Director: Guy Magar
Terry O’Quinn received much acclaim for his performances in the first two “Stepfather” movies where he played a disturbed sociopath, dedicated to creating and being part of the perfect family unit. While the first film was an outstanding cult chiller, the second one was more campy, notable only for O’Quinn’s turn. The talented actor (who found international fame as John Locke in “Lost”) was – one would assume for either artistic or financial reasons – not involved in this direct-to-video second sequel in 1992. So in steps Robert Wightman (briefly John-Boy Walton in The Waltons) as the maniacal titular character.
Changing the actor while not changing the character means that there needs to be some form of explanation as to why he looks different (unless it’s the Donna Reed/Barbara Bel Geddes switcheroo I suppose). Director Guy Magar’s explanation, while being a reach, makes sense: The Stepfather (aka Henry Morrison, Jerry Blake, Bill Hodgkins, Gene Clifford) has escaped (again) from a maximum-security mental hospital. Having been featured on every news broadcast around the country he decides to have plastic surgery so as to evade capture and continue his search for the perfect family.
The movie opens with a hooded man being operated on by a backstreet plastic surgeon who promises that’s he’s “the best there is” while he cuts and slices his patient without any anesthetic and with a bottle of whiskey nearby. Some days later the bandages come off and The Stepfather is back … almost looking like a different person altogether.
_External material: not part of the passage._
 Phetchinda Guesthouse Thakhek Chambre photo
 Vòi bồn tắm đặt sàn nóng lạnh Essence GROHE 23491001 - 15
We cut to a small Californian town where local gardener Keith Grant (Wightman) dresses as the Easter bunny and hands out eggs to the local community’s children at the urging of local priest Father Brennan (John Ingle – TV’s “General Hospital”, “Days of Our Lives”). His unassuming charm interests single mother Christine Davis (Priscilla Barnes – TV’s “Three’s Company”, “Licence to Kill”, “Mallrats”, “The Devil’s Rejects”) and before long the two are involved in a whirlwind romance that leads to marriage in what seems about 4 days.
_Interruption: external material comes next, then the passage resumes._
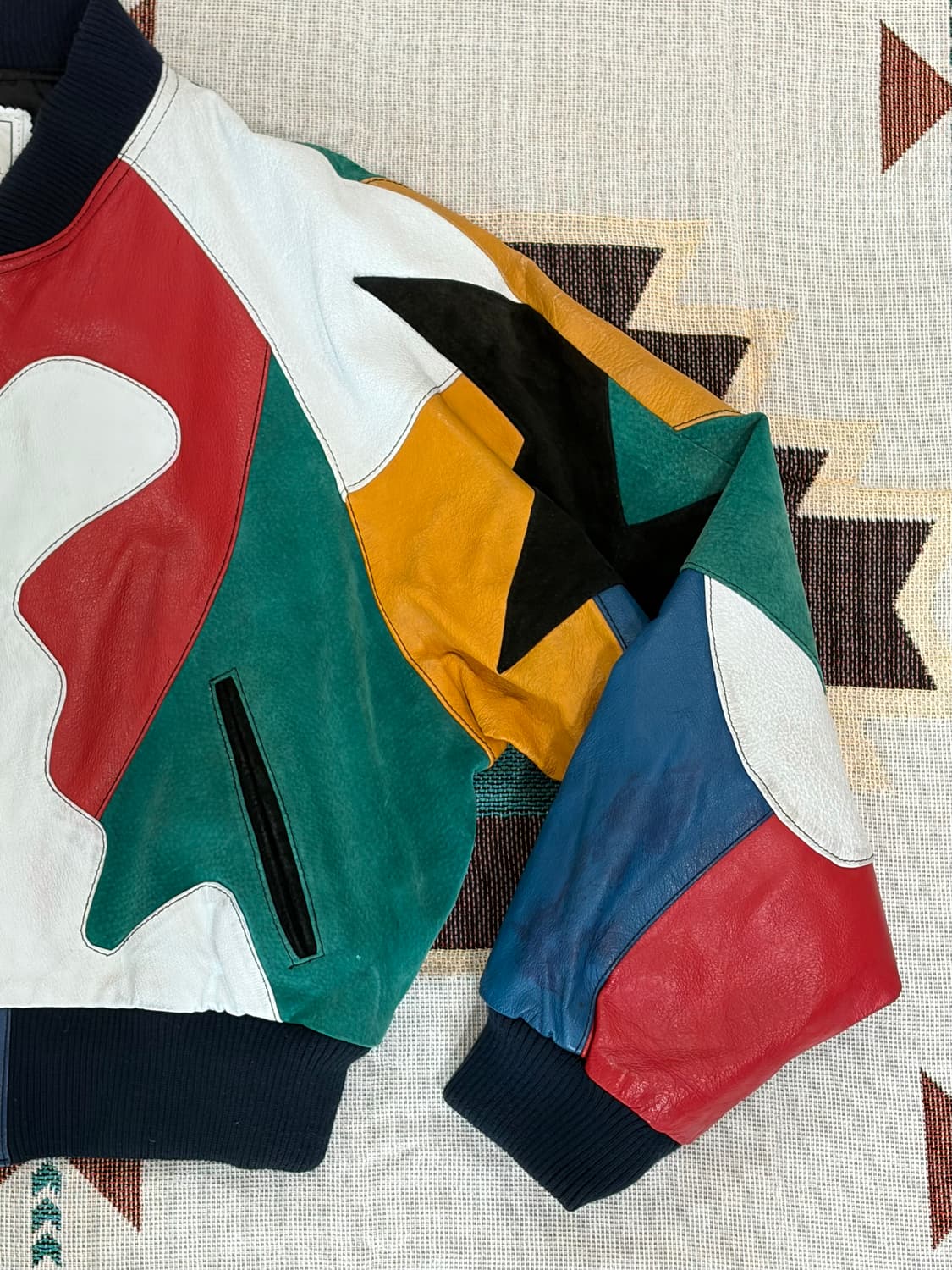 90s Cougar 크롭 레더 패치워크 봄버 블루종 자켓 상품이미지2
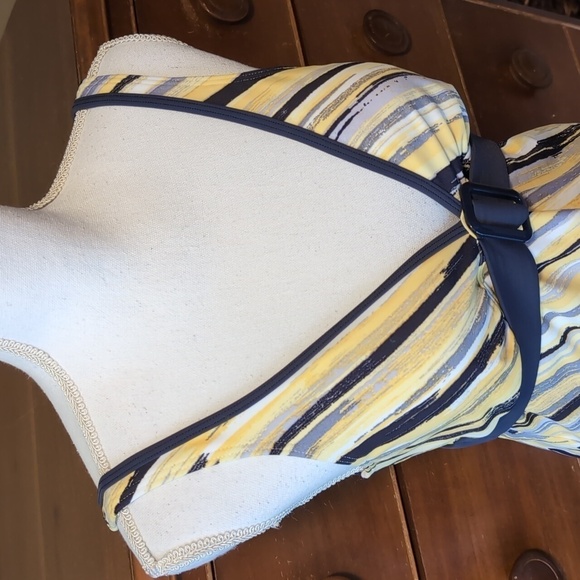 LIZ CLAIBORNE Tankini Grey & Yellow BELTED Stripe Floral Swim Top SZ 10 - Picture 4 of 15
Her wheelchair-bound son Andy (David Tom – “Stay Tuned”, “Pleasantville”) is less impressed though, telling Father Brennan that there’s something not quite right about his new stepfather, who had no friends or family at the wedding and seems to change his back-story frequently. No matter how hard Keith tries, he can’t make that connection with the crime-obsessed Andy who already suspects that Keith could be the escaped “step father” that he has seen on a TV news report. The youngster uses his computer expertise (using the Internet and Photoshopping before they were common) to investigate Keith’s background.
Becoming disillusioned with his already-disintegrating relationship with his new family, Keith lines up Jennifer, a single mother who he has just rented his old cottage to. But with Andy digging deeper and Father Brennan increasingly suspicious with Keith’s behaviour, time is running out for The Stepfather to make everything right.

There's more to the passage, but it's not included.